2import torch.nn as nn

torch.nn is the neural-network module system. It holds every pre-built layer — including LSTMCell, LSTM, RNN, GRU — plus the Module base class you subclass for custom models.

EXECUTION STATE
torch.nn = Layers as PyTorch Modules. Each Module owns its learnable parameters and defines forward().
4torch.manual_seed(42)

Seed the global RNG so that the random weight initialization inside nn.LSTMCell is reproducible. Without this, the numbers below would change every run.

EXECUTION STATE
📚 torch.manual_seed(n) = Sets the CPU RNG seed. For full determinism on GPU you also need torch.cuda.manual_seed_all(n) and certain backend flags.
⬇ arg: 42 = Any integer works; 42 matches the seed used in §17.1 so values are directly comparable. Same seed + same PyTorch build = same random weights.
7cell = nn.LSTMCell(input_size=2, hidden_size=2)

Constructs an LSTM cell that processes ONE timestep. Internally PyTorch fuses the four gate matrices into two big ones (weight_ih_l0 and weight_hh_l0) so a single matmul computes all four gate pre-activations at once.

EXECUTION STATE
📚 nn.LSTMCell(input_size, hidden_size, bias=True) = Single-step LSTM module. Stores weight_ih of shape (4·H, I) and weight_hh of shape (4·H, H) — the 4 stacks input/forget/candidate/output gates together.
⬇ arg: input_size = 2 = Feature dimension of each input vector.

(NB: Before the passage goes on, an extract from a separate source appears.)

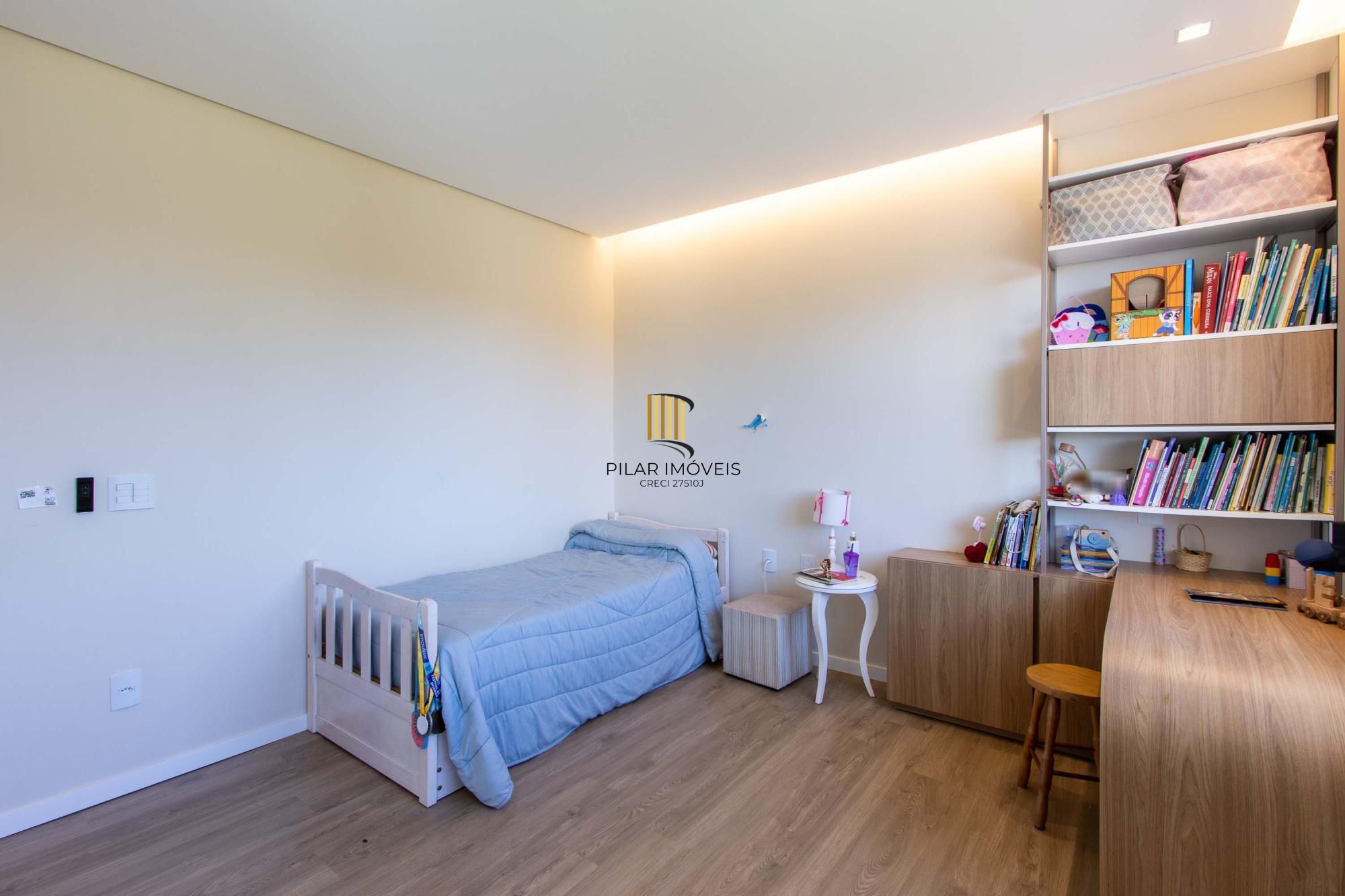 Casa de Condomínio 5 dormitórios no bairro Belém Novo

Sets the 'I' column count in weight_ih.
⬇ arg: hidden_size = 2 = Dimension of h and c vectors. Sets both the row count (times 4 for gates) and the column count of weight_hh.
→ parameter count = weight_ih: 4·2·2 = 16 | weight_hh: 4·2·2 = 16 | bias_ih: 4·2 = 8 | bias_hh: 4·2 = 8 → 48 total. (Our NumPy version used 40 — PyTorch uses two biases per gate, which is mathematically equivalent to one but matches the original cuDNN kernel.)
9sequence = torch.tensor([[...], [...], [...]], dtype=torch.float32)

Create a (3, 2) tensor holding three 2-D tokens. Unlike np.array, torch.tensor lives in a device memory pool and can be moved to GPU with .cuda().

EXECUTION STATE
📚 torch.tensor(data, dtype) = Creates a new tensor from Python data. Copies values. For an existing array use torch.as_tensor() to avoid the copy.
⬇ arg: dtype = torch.float32 = 32-bit float. Modern GPUs also support float16 and bfloat16 which use half the memory and are much faster on Tensor Cores.
⬆ sequence (3, 2) =
     f0    f1
t0  0.50 -0.20
t1  0.80  0.30
t2  0.10  0.90
13h = torch.zeros(1, 2); c = torch.zeros(1, 2)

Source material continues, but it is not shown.